Today, Jelly Roll is one of music’s biggest stars, but his journey to this point was anything but ordinary. The multi-platinum musician had a troubled youth, which included time in jail, before turning his life around and focusing on music.
In the conversation below, Jelly Roll talks with writer Chad Carsten about his early influences, how his life has changed and the “unexpected writing session” that sparked one of his biggest hits.
I know you told the story about your crazy past many times. It was like the Wild West days for you. Now you’re just at the top of the world, musically!
Yeah. It’s just you know, I mean, I think the hardest part of coming to grips with it is feeling deserving of it, because even no matter how hard you work, when you get here, there’s still like, like guilt associated with making it from a circumstance like I did. So, I still have trouble accepting that my house is my house, you know?

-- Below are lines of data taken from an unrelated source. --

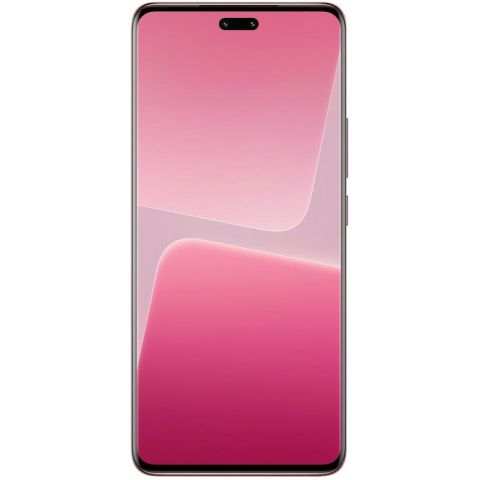 Xiaomi 13 Lite 12/256GB Lite Pink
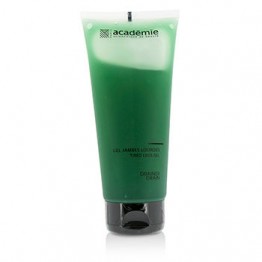 Academie Tired Legs Gel 250ml/8.3oz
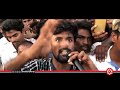 uttarandhra documentary ఉత్తరాంధ్ర జనసేన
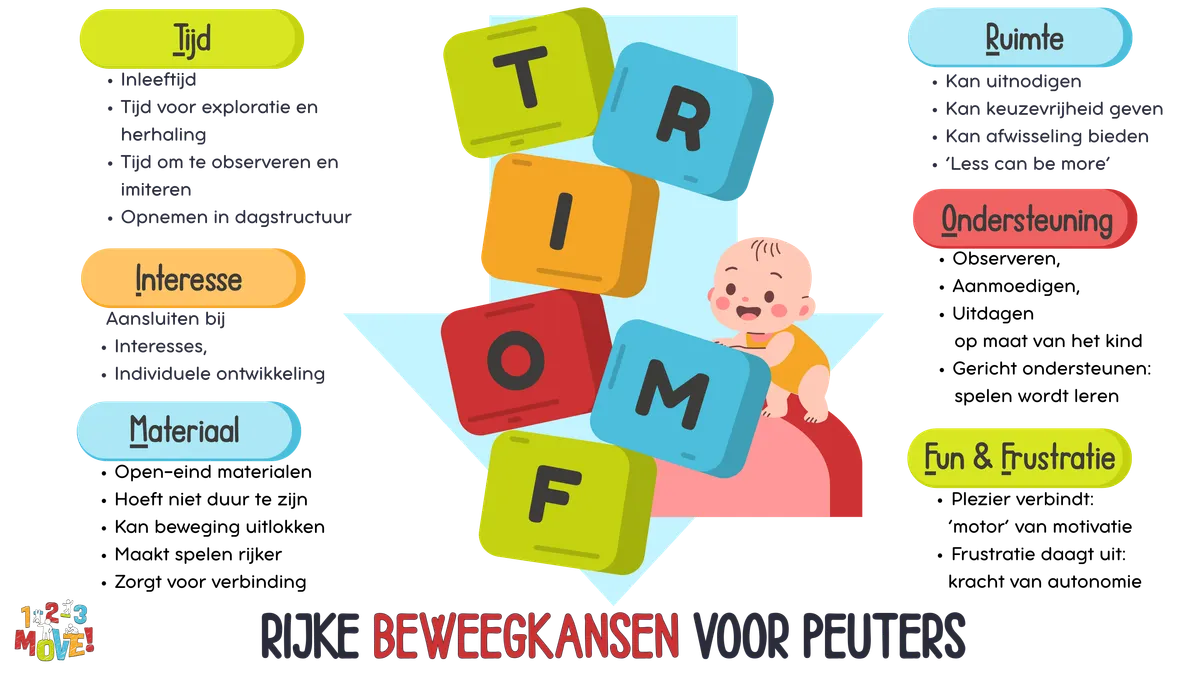 TRIOMF_INFOGRAPHIC (3).png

Yes! You cleaned up and you got married and now you’re balancing an influential career while trying to maintain a family and that’s got to be a challenge in itself you know? So, props to that, man. So, can you recall the first poem you ever wrote during your childhood and how that specific moment influenced your own future lyrical writing abilities?
You know, what’s crazy is I remember the first rap I ever recorded, but I don’t remember the actual poem, the first poem I wrote. But I wrote so many of them whenever I was young, but I vividly remember the first rap I wrote, and the first rap I recorded when I was like 15.
Oh, wow. 15. You were already writing some fire bars, huh?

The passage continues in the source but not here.